White American men like me, even after the horrors of slavery, felt entitled to deference from people of color.  They felt entitled to separate and unequal social amenities and societal benefits.  They felt entitled to harm, rob or even kill those people of color who forgot their inferior station.  They felt entitled to lynch any person of color who challenged this brazen injustice.  While they did little to earn it, they felt entitled to the respect of people of color, expecting to be treated as superiors.

White American men like me felt entitled to government support for all of their endeavors.  They felt entitled to the vote, political office, land grants, farmsteads, the New Deal, the GI Bill, federally subsidized housing loans, farm subsidies and mortgage deductions.  In each and every one of these government programs, white men were the chief recipient of government largesse.  In most circumstances, the rules of qualification were intentionally designed to exclude people of color.  Ironically, after generations of advantage, it is men of my skin color who are most offended by affirmative action.

White American men like me continue to defend their entitlement.  When their injustices are challenged by people of color, they suggest they “go back to Africa” as if white people are the true native Americans.  When they see non-white countries prospering, they complain that people of color are taking away “their jobs” as if they alone are entitled to prosperity.  When people of color argue that “black lives matter, they demand that “all lives matter” as if they actually believe everyone is entitled to what they’ve possessed.  When people of color rail against wealth and income gaps, they justify their monopolies and networks by labeling those who make less as greedy, lazy and incompetent.

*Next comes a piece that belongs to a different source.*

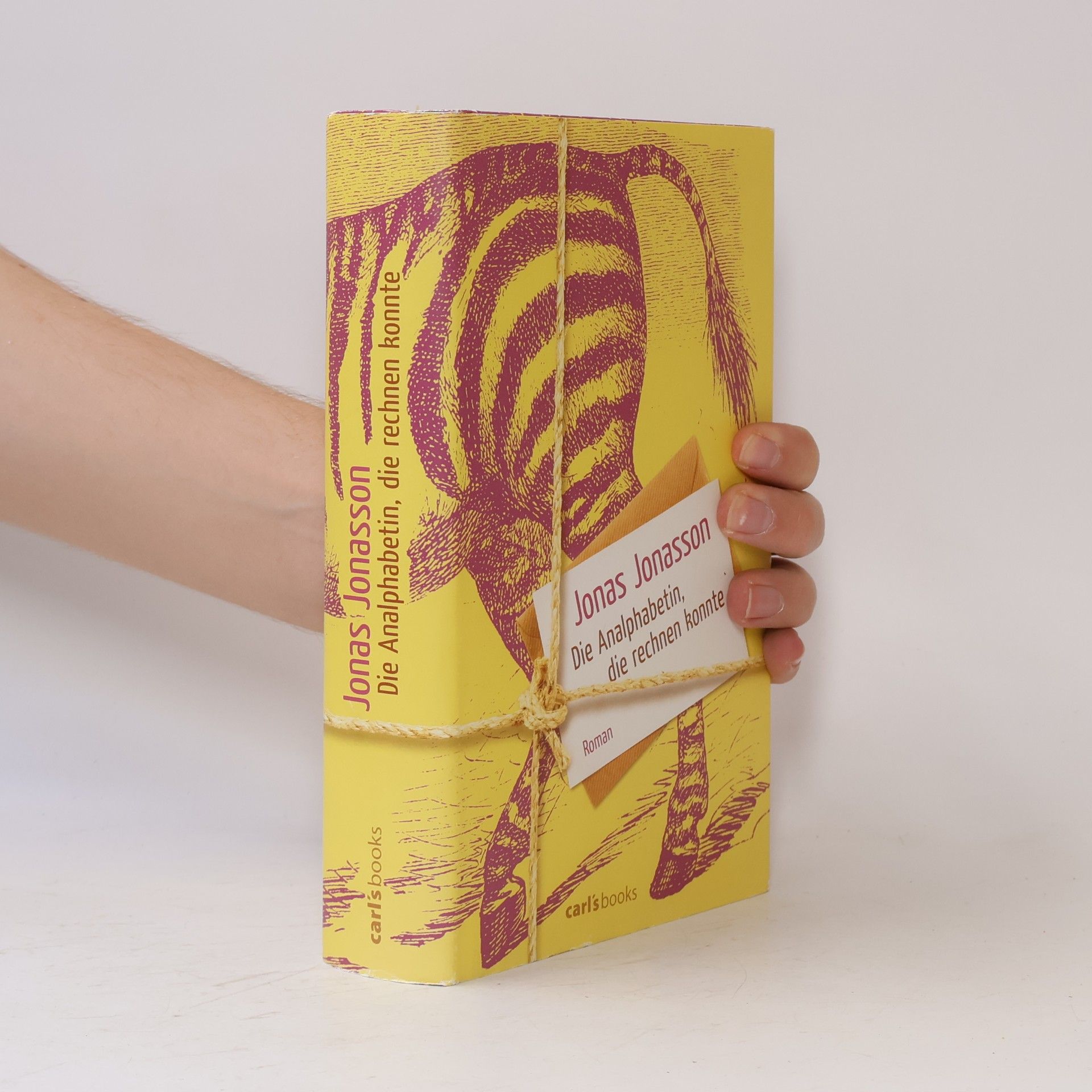 Jonas Jonasson Die Analphabetin, die rechnen konnte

Sadly, most white American men like me do this almost reflexively.  Like my walk through my neighborhood, they walk through society without any recognition of all the rights and opportunities extended to them and them alone.  Indeed, at even the slightest critique, they quickly complain of injustice.  There may be nothing more absurd in our world than the white American male playing the victim.

I am ashamed of white American men like me.  As much as I want to see myself as different than the generations of white men before me, to understand their behavior as something abhorrent, I suspect we have more in common than I’d like to admit.  They are my ancestors.  I am their prodigy.  Every day I benefit from our shared privilege without any awareness, embarrassment or guilt.

How could I?

I am a white American male.

I am entitled.



3 thoughts on “The History of My Entitlement

  1. I particularly appreciate your comment. “When challenged they could pretend their animosity was for the programs & not for the people of color.” So sad that we are often conveniently rigid in our biased thinking.